In his latest column for the New York Times, the award-winning economist and best-selling author urges the so-called serious people to resist the temptation to raise interest rates. "Suddenly, it seems as if all the serious people are telling each other that despite high unemployment there’s hardly any 'slack' in labor markets — as evidenced by a supposed surge in wages — and that the Federal Reserve needs to start raising interest rates very soon to head off the danger of inflation," Krugman complains.
Raising interest rates would be a mistake, Krugman says, because wages aren't growing at a clip fast enough to make inflation concerns justified. "[W]hile it’s possible to argue that we’re running out of labor slack, it’s also possible to argue the opposite," Krugman writes, "and either way the prudent thing would surely be to wait ..."
But what explains the Western elites' desire to raise rates all the same? Krugman offers three explanations.
First, he argues, is the fact that "for some people it’s always 1979," with the menace of stagflation looming just over the horizon. "That is, they’re eternally vigilant against the danger of a runaway wage-price spiral, and somehow they haven’t noticed that nothing like that has happened for decades," Krugman notes. "Maybe it’s a generational thing. Maybe it’s because a 1970s-style crisis fits their ideological preconceptions, but the phantom menace of stagflation still has an outsized influence on economic debate."
Second, Krugman writes that what he likes to call "sado-monetarism" — a belief "that inflicting pain is ipso facto good" — is an influence, too. "There are some people and institutions — for example, the Basel-based Bank for International Settlements — that always want to see interest rates go up," he continues. "Their rationale is ever-changing — it’s commodity prices; no, it’s financial stability; no, it’s wages — but the recommended policy is always the same."
However, the last explanation offered by Krugman is the most sweeping. Alongside being stuck in the past and suffering from sado-monetarism, Krugman writes, the uncomfortable truth is that many people who want higher interest rates feel that way because of "class interests." Krugman writes:
Finally, although the current monetary debate isn’t as openly political as the previous fiscal debate, it’s hard to escape the suspicion that class interests are playing a role. A fair number of commentators seem oddly upset by the notion of workers getting raises, especially while returns to bondholders remain low.

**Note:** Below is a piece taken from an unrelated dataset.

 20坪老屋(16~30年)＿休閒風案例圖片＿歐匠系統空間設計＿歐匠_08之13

It’s almost as if they identify with the investor class, and feel uncomfortable with anything that brings us close to full employment, and thereby gives workers more bargaining power.

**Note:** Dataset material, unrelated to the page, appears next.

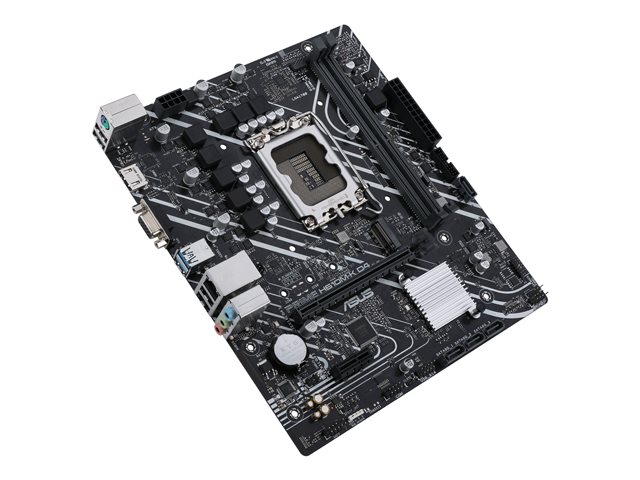 ASUS PRIME H610M-K D4 LGA1700 DDR4 mATX MB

Whatever the underlying motives, tightening the monetary screws anytime soon would be a very, very bad idea. We are slowly, painfully, emerging from the worst slump since the Great Depression. It wouldn’t take much to abort the recovery, and, if that were to happen, we would almost certainly be Japanified, stuck in a trap that might last decades.
Is wage growth actually taking off? That’s far from clear. But if it is, we should see rising wages as a development to cheer and promote, not a threat to be squashed with tight money.